The total number of border countries is 2, Argentina 541 km, Brazil 1,050 km are the neighboring nations with the indicated border lengths. Uruguay’s coastline is 660 km. Its marital claims are territorial sea: 12 nautical miles, contiguous zone: 24 nautical miles, exclusive economic zone: 200 nautical miles, continental shelf: 200 nautical miles or the edge of the continental margin. Waterways: 1,600 km (2011). Land use: agricultural land: 87.2%; arable land 10.1%; permanent crops 0.2%; permanent pasture 76.9%; forest: 10.2%; other: 2.6% (2011 estimate).

The population in Uruguay 3,369,299 (July 2018 estimate), urban population: 95.3% of total population (2015), central metropolitan area’s population: MONTEVIDEO (capital) 1.707 million (2015), while Uruguay has most of the country’s population resides in the southern half of the country; approximately 80% of the populace is urban, living in towns or cities; nearly half of the population lives in and around the capital of Montevideo.

Their spoken languages are Spanish (official language), Portunol, Brazilero (Portuguese-Spanish mix on the Brazilian frontier). Main religions in Uruguay are Roman Catholic 47.1%, non-Catholic Christians 11.1%, nondenominational 23.2%, Jewish 0.3%, atheist or agnostic 17.2%, other 1.1% (2006). The nation uses civil law system based on the Spanish civil code. It is a(n) presidential republic, National holiday(s) Independence Day, 25 August (1825).

Economic overview for the country: Uruguay has a free market economy characterized by an export-oriented agricultural sector, a well-educated workforce, and high levels of social spending. Uruguay has sought to expand trade within the Common Market of the South (Mercosur) and non-Mercosur members. President VAZQUEZ has maintained his predecessor’s mix of pro-market policies and a robust social safety net. Following financial difficulties in the late 1990s and early 2000s, Uruguay’s economic growth averaged 8% annually during the 2004-2008 period.

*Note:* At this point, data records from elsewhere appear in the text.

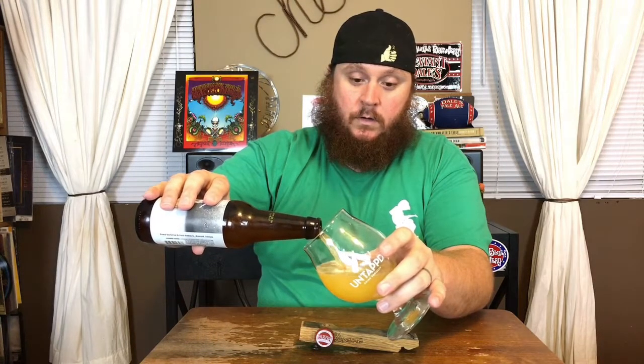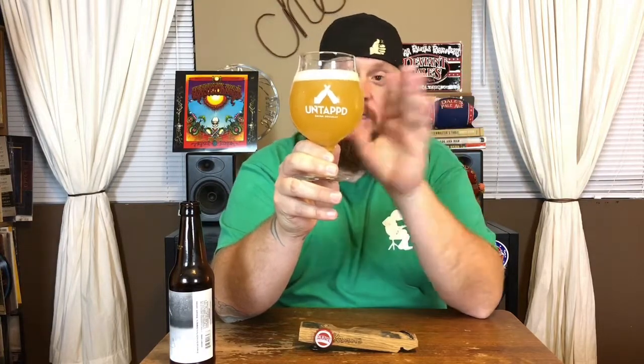Into the Untappd glass we go — just hand cleaned this thing so hopefully we're good. We're going to put it all in there. There we have it.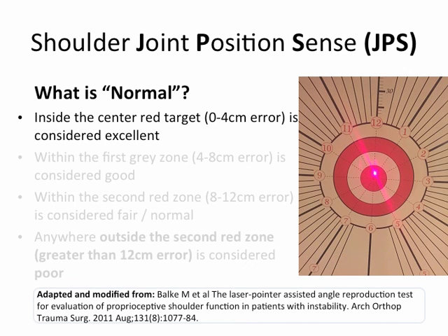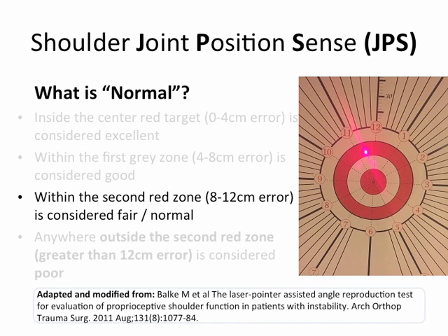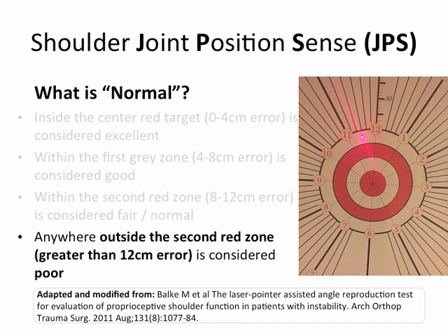So what is normal? If they're inside the center of the red target — 0 to 4 centimeters of error — it's considered excellent, as seen in the image on the right, though this doesn't always happen. If they're within the first gray zone, 4 to 8 centimeters of error, that's considered good. If they're within the second red zone, 8 to 12 centimeters of error, that's considered fair or normal, which is the most common scenario. If they're anywhere outside the second red zone — greater than 12 centimeters of error — that is considered poor.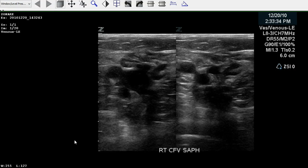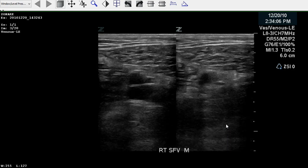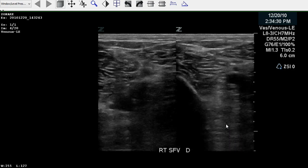Let's go through some key points to look for in this study. Starting here at the beginning, you can see the common femoral and saphenofemoral junction appear to fully compress. We move through the thigh, and the femoral vein is all fully compressed.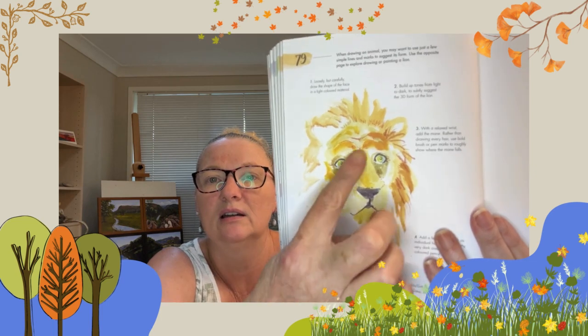Number one: loosely but carefully draw the shape of the face in a light coloured material. You'll see there it's a fairly light coloured material for the face. Then build up tones from light to dark to subtly suggest the 3D form of a lion.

The 2008-2009 global financial crisis put a brake on Uruguay’s vigorous growth, which decelerated to 2.6% in 2009. Nevertheless, the country avoided a recession and kept growth rates positive, mainly through higher public expenditure and investment; GDP growth reached 8.9% in 2010 but slowed markedly in the 2012-2016 period as a result of a renewed slowdown in the global economy and Uruguay’s main trade partners and Mercosur counterparts, Argentina and Brazil. Reforms in those countries should give Uruguay an economic boost. Growth picked up in 2017.

Natural resources of Uruguay: arable land, hydropower, minor minerals, fish.

Main export partners for Uruguay, South America, are China 15%, Brazil 14.4%, US 6.5%, Argentina 4.9% (2015) for beef, soybeans, cellulose, rice, wheat, wood, dairy products; wool, while the main import partners for the country are: Brazil 18.2%, China 17.4%, Argentina 12.6%, US 9.1%, Germany 4.5%, Nigeria 4.1% (2015) for refined oil, crude oil, passenger and other vehicles, vehicle parts, cellular phones.

When you visit this country in South America, consider the natural hazards in Uruguay: Seasonally high winds (the pampero is a chilly and occasional violent wind that blows north from the Argentine pampas), droughts, floods, because of the absence of mountains, which act as weather barriers, all locations are particularly vulnerable to rapid changes from weather fronts, while infectious diseases are N/A. Also, note that Uruguay faces the following environmental issues: Water pollution from the meatpacking/tannery industry, Heavy metal pollution, Inadequate solid/hazardous waste disposal, Deforestation.

You may also be interested in the countries next to Uruguay around its total: 1,591 km border, like Argentina, Brazil.